PROBLEM: Pictures stay out of the answer, but every line of the material must be restated exactly.

DATA BLOCK:

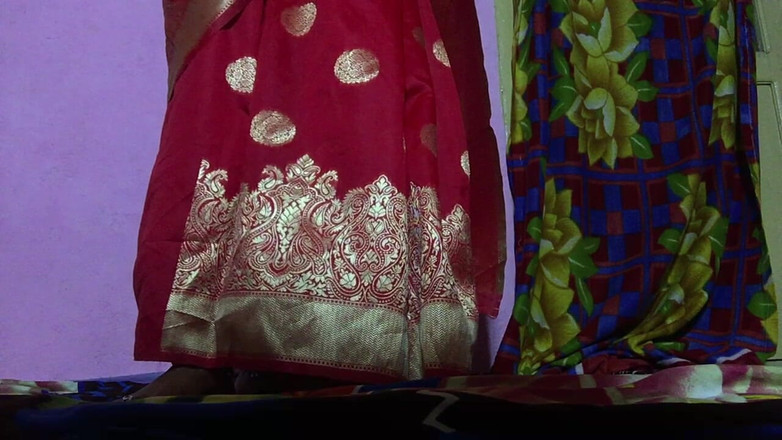 Couple's Diary: Klip s čerstvě ženatým indickým párem Honey Moon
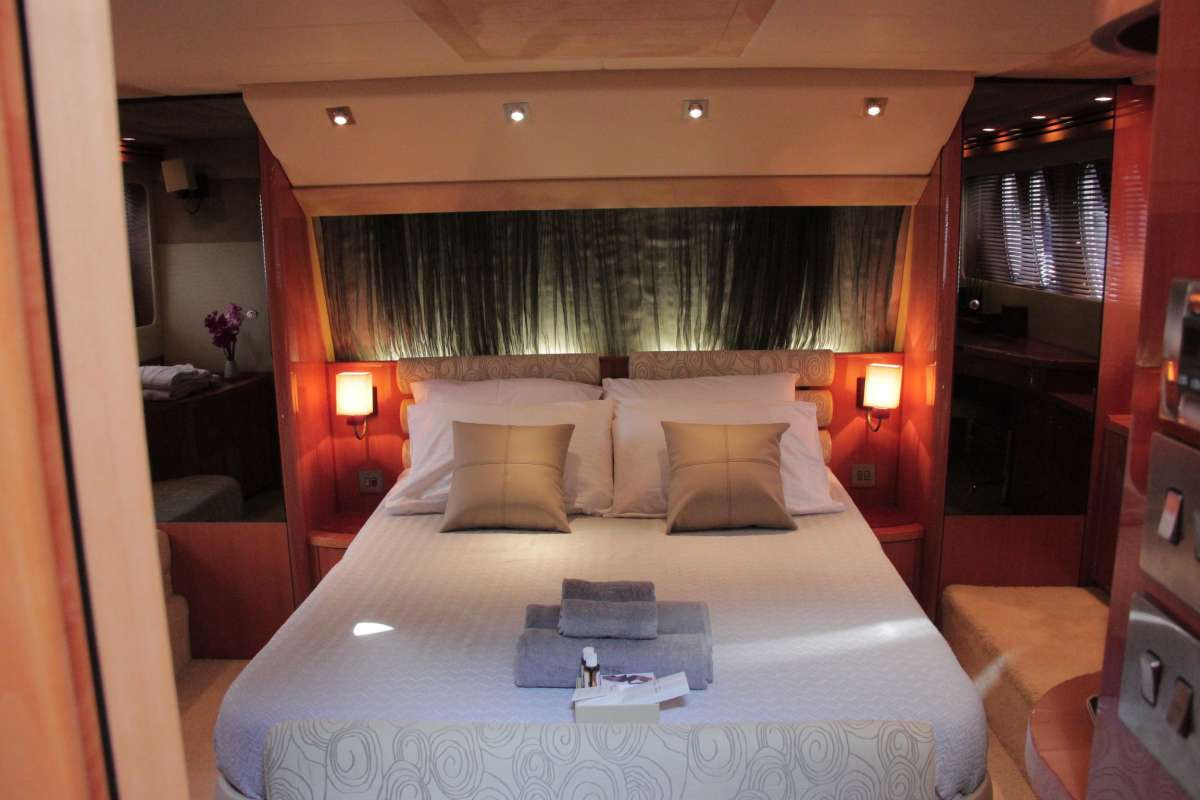 Sealine T60 AURA Innenansicht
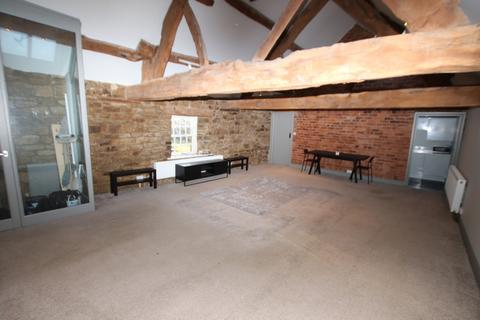 1 bedroom barn conversion to rent, Hound Hill Lane, Worsbrough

YOUR SOLUTION:
 Couple's Diary: Klip s čerstvě ženatým indickým párem Honey Moon
 Sealine T60 AURA Innenansicht
 1 bedroom barn conversion to rent, Hound Hill Lane, Worsbrough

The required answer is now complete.